I'd argue the delta-v savings aren't worth it on their own. Mars will eventually be worth exploring and it's a valuable opportunity but by every measure other than raw "throw it at the orbital body with no support or return plan" delta-v savings, the moon is a better site for initial extraterrestrial habitation studies.
>> It'll be 3.6-4.0km/s to mars injection. Then 2.0km/s to low orbit (can be optimized with clever aerobreaking down to 1.0km/s).
Except that all that delta at mars is done with aerobraking/aerocapture. Inbound probes can crash strait into the mars atmosphere without slowing down for orbital insertion. That's why it takes far less fuel to get to surface of mars than the moon, at least with objects car-sized or smaller. Only with larger/heavier objects is mar's atmosphere so thin that fuel must be used for capture prior to descent.
In the following deltaV map, much of the trip to mars is a free ride so long as you follow the red arrows. There are no free rides on the way to the moon.
For the record we have not done aero capture at Mars just yet - but aerobraking has been used a lot, after first capturing into a high eccentric orbit with an engine burn.
In any case, bodies with atmosphere do enable you to effectively shave up to half of the delta-v for a transfer when you know what you are doing. :)

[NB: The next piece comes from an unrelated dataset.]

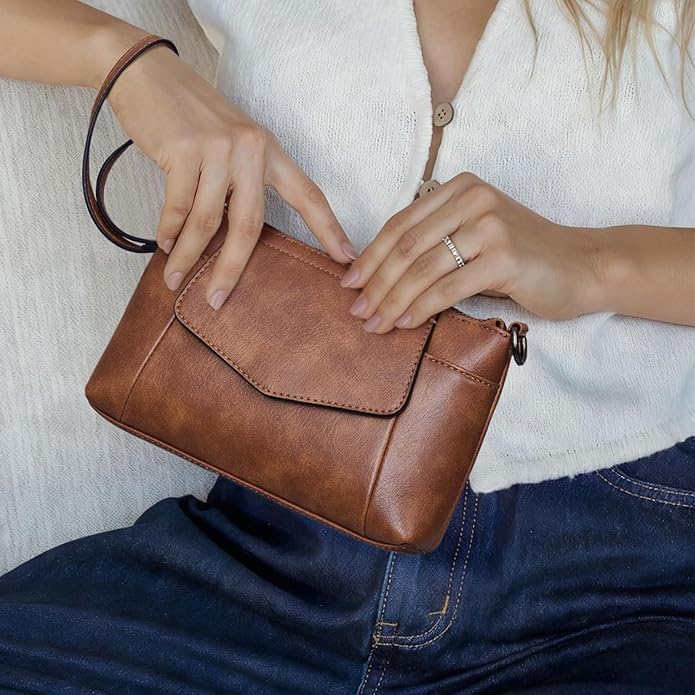 Small Crossbody Bags for Women, Cell Phone Bag Mini Over Wristlets Handbag Wallet Purse with Card Slots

I was just illustrating the path along the lunar gateway (LEO -> TLI -> Gateway -> LLO -> surface). Even if you do a direct (LEO -> TLI -> LLO -> surface) route, you still have to go through LLO as you'll need to be able to pick your landing spot and potentially even delay a landing (which is not possible if LLO is not budgeted in).
Actually now that I think about it, if you want to save delta-v, you can get an extra 25% off the TLI leg of the direct route with a low energy transfer using weak stability boundary trajectories. These savings however come at the cost of a significantly longer flight time and far slimmer margins for failure.

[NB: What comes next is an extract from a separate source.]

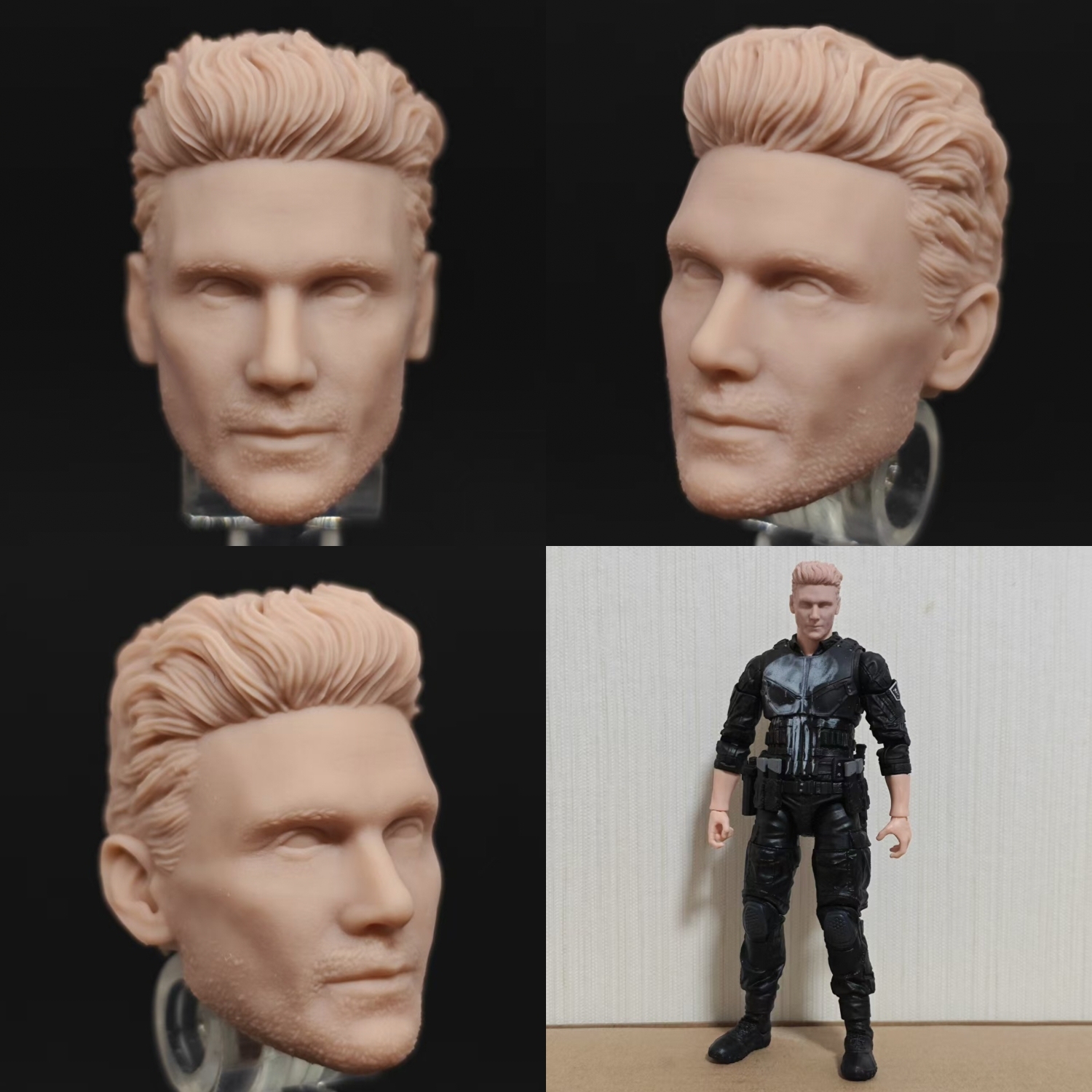 Marvel Rick Crossbones Frank Grillo unpainted headsculpt bm23807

OTOH, we can build a lunar space elevator with existing materials because of the lower gravity (even despite the longer distance to L1). Not sure, can we manage that with Mars?
The physics works for Earth too. In all cases, you make the top of the cable bigger than the bottom to support all of the weight hanging from it. From what I've read, in the case of Earth and with current materials technology, we end up with the top of the cable having a diameter comparable to that of the Earth. Clearly, that's not feasible.
For Luna or Mars, gravity is reduced and the required diameter is less. Maybe it would even be feasible to build such an elevator if it were above the Earth. But now you're building above an alien plant, so you trade one set of potentially insurmountable obstacles for another.
I mean, that's a fair point. The total volume of the elevator cable would be greater than that of the Earth. The mass might still be less since we're not building it out of iron here, but effectively we'd have a binary planet with the centre of mass well outside the Earth's surface.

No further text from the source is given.